What I quickly came to learn as a naive ten year old kid with no experience of people judging other people based on their appearance or culture, is that there seems to be a special problem with germans within the Austrian culture. As soon as I opened my mouth to speak, it became evident that I was different. While in theory we all spoke German, the Austrian accent and what I had learned as German seemed to be from two entirely different planets.

As a result I was marked as the outsider, as the weirdo, as the one no-one wanted to play or be with. This was very disturbing to me because up until that point I had never given a second thought to my language. In fact, in Switzerland I hadn’t even been aware of the fact that I spoke differently from my friends. We just were - we played and enjoyed life.

Now I was alone.

This offered me a unique perspective into the group of children I was part of since they were my classmates.

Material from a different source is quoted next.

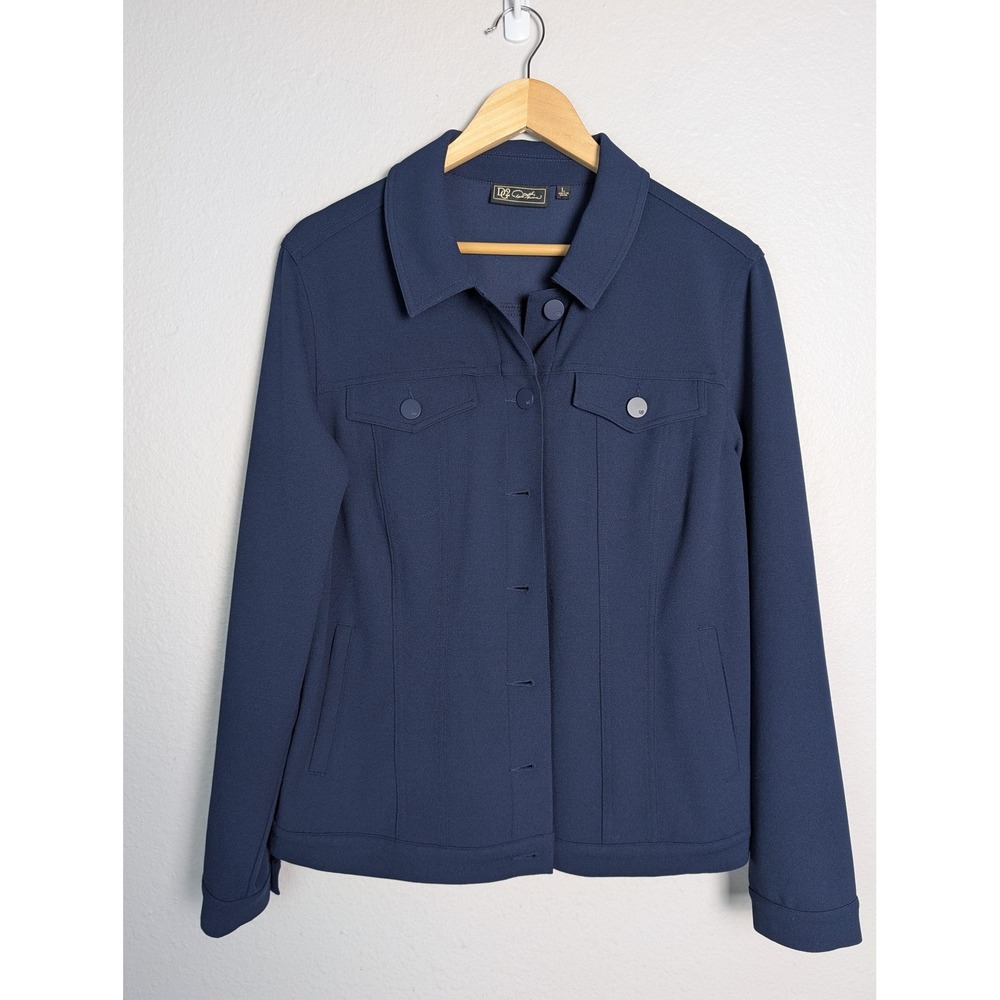 DG2 Jacket‎ Womens Large Blue Knit Button Front Jean Style Lined Pockets Casual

I was not part of that group, did not play any role in the social dynamics except when one of the bullies decided to use me as a way to show his dominance as a leader by treating me like scum or beating me up.

I could observe how they interacted, how the leaders got into their position as a leader, how they protected that position, how they were challenged, what the benefits and downsides of the position was, etc. - and I could also observe the behaviour inside the rest of the group. In hindsight I was probably in a similar position like an ethnologist on a field trip in hunter gatherer tribe or Jane Goodall with her chimpanzees.

Of course I didn’t see it that way then. Instead, I suffered. A lot. It does not feel good to be made the outsider, to be completely and utterly alone. But then, one summer break I decided to try an experiment. I consciously assimilated myself. I learned how to speak the accent, I practiced the jokes, the slang, the gestures of the leaders - and when it was time to go back to school, I totally changed my position from outsider to leader.

Of course, on the inside I was unchanged. I was the same. It was an experiment that taught me a lot about how humans interact and how easily we humans can be influenced by minor signals like language, style of clothing or hairstyle, skin color or other similar signals.

Experiencing this first hand was the strongest lesson life had handed me at that age. Today I am grateful for it although it was tough at the time.